**EXERCISE DESCRIPTION**
One part of the entries below is wanted: the lines from the one containing "Okay, so the" through the one containing "Understanding locators, handling". Write those out exactly and nothing else.

(DATASET Opens)

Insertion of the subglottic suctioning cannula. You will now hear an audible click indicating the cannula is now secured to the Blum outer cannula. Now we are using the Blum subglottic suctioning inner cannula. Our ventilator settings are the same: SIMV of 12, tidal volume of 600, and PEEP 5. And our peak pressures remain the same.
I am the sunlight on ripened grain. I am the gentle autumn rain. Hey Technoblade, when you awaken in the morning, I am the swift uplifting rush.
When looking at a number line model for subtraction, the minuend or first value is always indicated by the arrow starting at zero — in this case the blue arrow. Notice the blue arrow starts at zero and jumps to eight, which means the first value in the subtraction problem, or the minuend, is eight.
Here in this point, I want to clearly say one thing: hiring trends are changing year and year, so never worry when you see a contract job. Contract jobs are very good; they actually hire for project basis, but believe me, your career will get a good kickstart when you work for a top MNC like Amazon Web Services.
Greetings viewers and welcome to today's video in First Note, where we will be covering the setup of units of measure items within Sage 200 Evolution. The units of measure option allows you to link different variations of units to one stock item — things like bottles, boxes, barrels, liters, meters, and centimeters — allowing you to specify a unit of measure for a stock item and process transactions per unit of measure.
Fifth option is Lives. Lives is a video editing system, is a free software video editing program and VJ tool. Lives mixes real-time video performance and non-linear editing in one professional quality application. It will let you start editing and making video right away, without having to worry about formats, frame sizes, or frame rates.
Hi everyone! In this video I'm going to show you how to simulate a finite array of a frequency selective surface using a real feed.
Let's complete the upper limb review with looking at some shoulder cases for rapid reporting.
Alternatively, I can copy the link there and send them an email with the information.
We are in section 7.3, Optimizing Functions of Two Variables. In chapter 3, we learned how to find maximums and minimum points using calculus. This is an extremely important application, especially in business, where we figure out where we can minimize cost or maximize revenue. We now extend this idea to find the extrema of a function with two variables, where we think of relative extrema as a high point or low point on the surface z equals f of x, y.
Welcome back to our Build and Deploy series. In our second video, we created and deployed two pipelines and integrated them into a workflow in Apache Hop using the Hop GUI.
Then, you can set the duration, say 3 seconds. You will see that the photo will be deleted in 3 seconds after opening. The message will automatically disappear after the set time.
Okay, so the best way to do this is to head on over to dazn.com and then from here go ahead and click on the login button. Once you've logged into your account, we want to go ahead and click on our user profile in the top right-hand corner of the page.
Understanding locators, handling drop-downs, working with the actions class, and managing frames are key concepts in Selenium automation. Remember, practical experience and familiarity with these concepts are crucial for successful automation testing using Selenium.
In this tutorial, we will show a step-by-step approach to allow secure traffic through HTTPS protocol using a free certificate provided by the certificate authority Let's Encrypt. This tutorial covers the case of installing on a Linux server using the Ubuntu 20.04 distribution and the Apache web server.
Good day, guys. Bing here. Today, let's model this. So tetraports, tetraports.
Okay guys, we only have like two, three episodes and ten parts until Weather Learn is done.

(DATASET Closes)

**SOLUTION TO THIS PROBLEM**
Okay, so the best way to do this is to head on over to dazn.com and then from here go ahead and click on the login button. Once you've logged into your account, we want to go ahead and click on our user profile in the top right-hand corner of the page.
Understanding locators, handling drop-downs, working with the actions class, and managing frames are key concepts in Selenium automation. Remember, practical experience and familiarity with these concepts are crucial for successful automation testing using Selenium.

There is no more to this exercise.